About midnight came Eutrope Gagnon, bringing Tit'Sebe the bone-setter. He was a little, thin, sad-faced man with very kind eyes. As always when called to a sick-bed, he wore his clothes of ceremony, of dark wellworn cloth, which he bore with the awkwardness of the peasant in Sunday attire. But the strong brown hands beyond the thread-bare sleeves moved in a way to inspire confidence. They passed over the limbs and body of Madame Chapdelaine with the most delicate care, nor did they draw from her a single cry of pain; thereafter he sat for a long time motionless beside the couch, looking at her as though awaiting guidance from a source beyond himself. But when at last he broke the silence it was to say: "Have you sent for the cure? ... He has been here. And will he return? To-morrow; that is well."

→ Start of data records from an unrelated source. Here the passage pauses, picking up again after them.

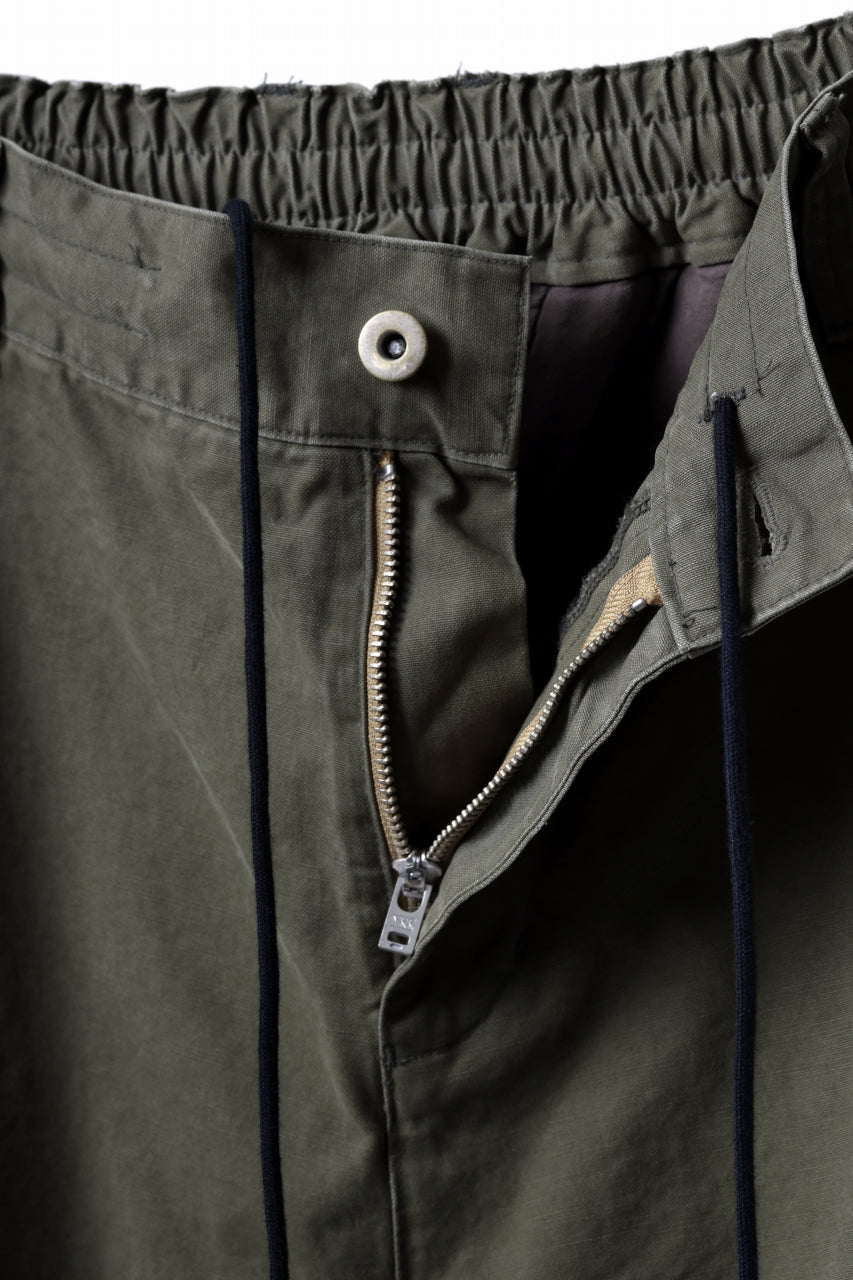 画像をギャラリービューアに読み込む, N/07 MILITARY TROUSERS M47 / VINTAGE BIO-WASHED DUCK CANVAS (KHAKI)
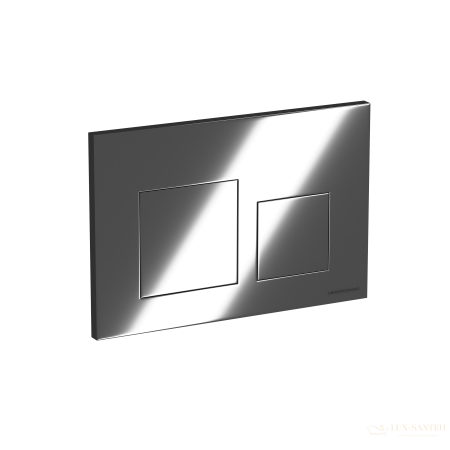панель смыва ceramica nova balance square cn12-002ch для инсталляции, хром глянцевый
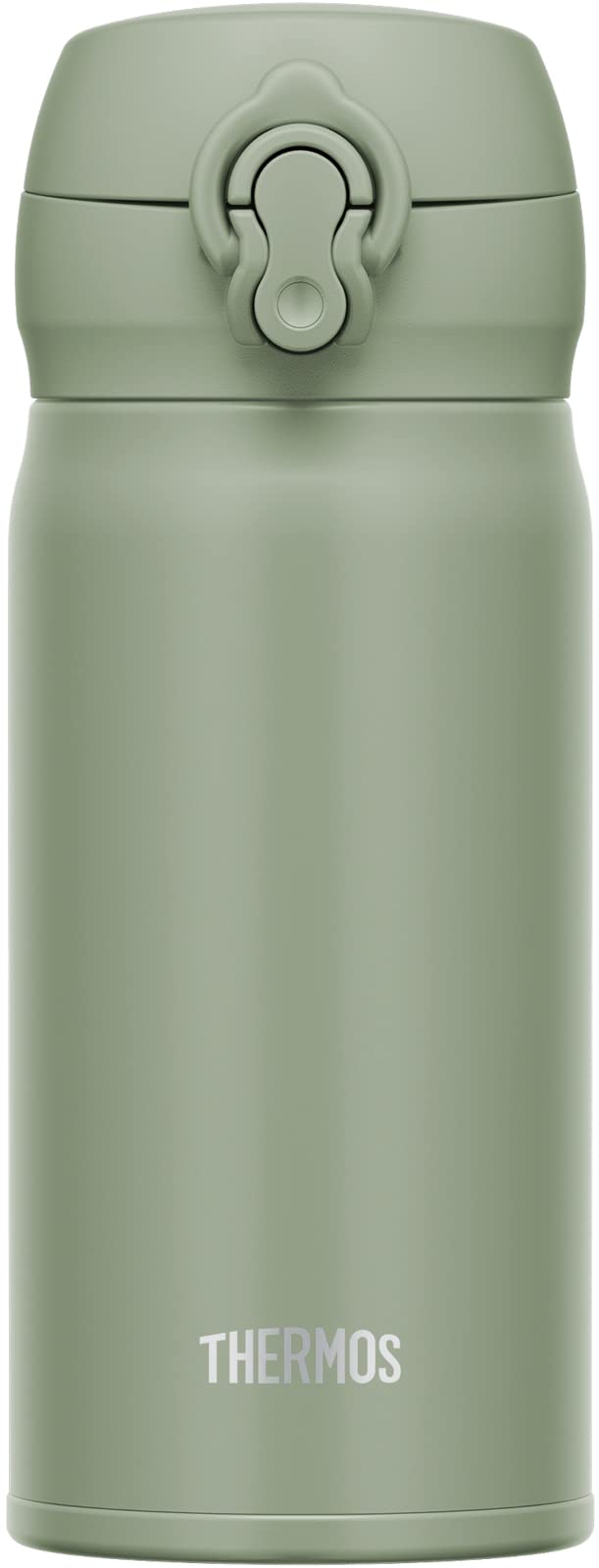 Thermos JNL - 356 SMKKI Stainless Steel Water Bottle Insulated 350ml Mug Lightweight One - Touch Open Smoke Khaki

After another pause he made his frank avowal.—"There is nothing I can do for her. Something has gone wrong within, about which I know nothing; were there broken bones I could have healed them. I should only have had to feel them with my hands, and then the good God would have told me what to do and I should have cured her. But in this sickness of hers I have no skill. I might indeed put a blister on her back, and perhaps that would draw away-the blood and relieve her for a time. Or I could give her a draught made from beaver kidneys; it is useful when the kidneys are affected, as is well known. But I think that neither the blister nor the draught would work a cure."

His speech was so honest and straightforward that he made them one and all feel what manner of thing was a disorder of the human frame—the strangeness and the terror of what is passing behind the closed door, which those without can only fight clumsily as they grope in dark uncertainty.

"She will die if that be God's pleasure."

Maria broke into quiet tears; her father, not yet understanding, sat with his mouth half-open, and neither moved nor spoke. The bone-setter, this sentence given, bowed his head and held his pitiful eyes for long upon the sick woman. The browned hands that now availed him not lay upon his knees; leaning forward a little, his back bent, the gentle sad spirit seemed in silent communion with its maker—"Thou hast bestowed upon me the gift of healing bones that are broken, and I have healed them; but Thou hast denied me power over such ills as these; so must I let this poor woman die."

For the first time now the deep marks of illness upon the mother's face appeared to husband and children as more than the passing traces of suffering, as imprints from the hand of death. The hard-drawn breath rattling in her throat no longer betokened conscious pain, but was the last blind remonstrance of the body rent by nearing dissolution.

"You do not think she will die before the cure comes back?" Maria asked.

Tit'Sebe's head and hand showed that he was helpless to answer. "I cannot tell ... If your horse is able you would do well to seek him with the daylight."

Their eyes searched the window, as yet only a square of darkness, and then returned to her who lay upon the bed ... But five days ago a hearty, high-spirited woman, in full health of mind and body ... It could not be that she was to die so soon as that. ... But knowing now the sad inevitableness, every glance found a subtle change, some fresh token that this bed-ridden woman groaning in her blindness was no more the wife and mother they had known so long.

Half an hour went by; after casting his eyes toward the window Chapdelaine arose hurriedly, saying.—"I am going to put the horse in."